= EXERCISE PROMPT =
In the listing below, the answer starts at the line that has "2020 Jaguar XE - Image 6 of 16" and stops after the line that has "Black Onyx Zebra-Striped"; please repeat that part exactly and nothing more.

*** EXERCISE INPUT Section Begins ***

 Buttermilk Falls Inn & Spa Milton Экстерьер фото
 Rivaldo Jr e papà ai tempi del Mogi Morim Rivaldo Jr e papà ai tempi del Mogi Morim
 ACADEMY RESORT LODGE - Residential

*** EXERCISE INPUT Section Ends ***
*** EXERCISE INPUT Section Begins ***

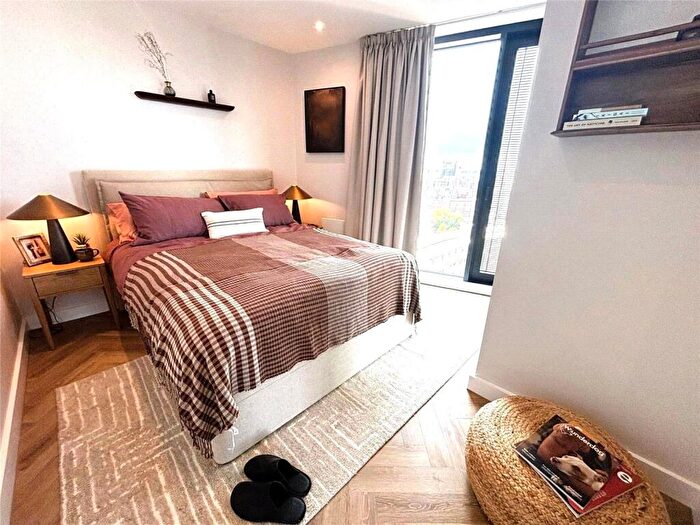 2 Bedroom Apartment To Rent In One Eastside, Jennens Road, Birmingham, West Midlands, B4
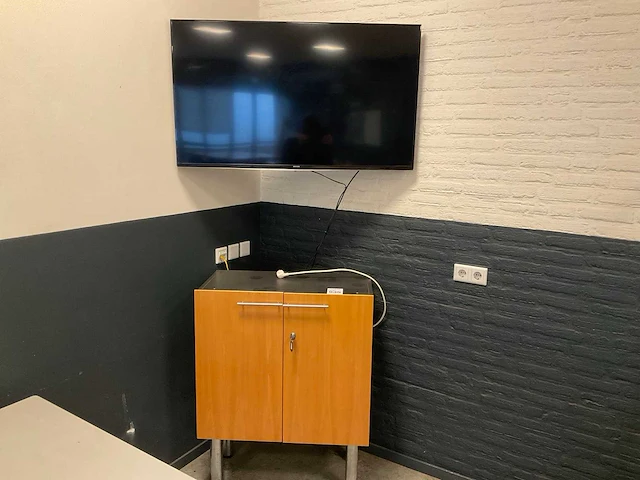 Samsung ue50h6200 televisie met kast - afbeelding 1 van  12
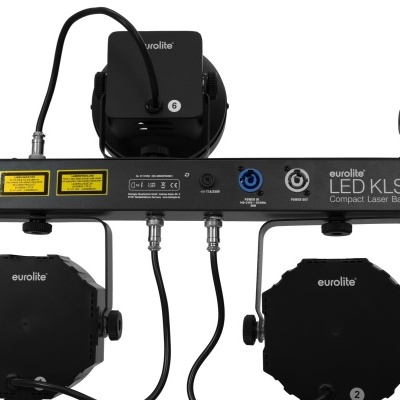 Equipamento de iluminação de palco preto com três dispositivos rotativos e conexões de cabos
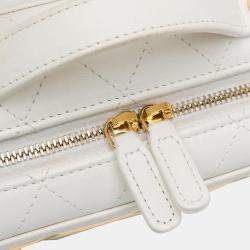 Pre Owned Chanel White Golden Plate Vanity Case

*** EXERCISE INPUT Section Ends ***
*** EXERCISE INPUT Section Begins ***

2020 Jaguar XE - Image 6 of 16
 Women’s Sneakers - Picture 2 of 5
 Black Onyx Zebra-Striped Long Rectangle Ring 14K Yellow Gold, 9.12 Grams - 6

*** EXERCISE INPUT Section Ends ***

= WRITTEN RESPONSE =
2020 Jaguar XE - Image 6 of 16
 Women’s Sneakers - Picture 2 of 5
 Black Onyx Zebra-Striped Long Rectangle Ring 14K Yellow Gold, 9.12 Grams - 6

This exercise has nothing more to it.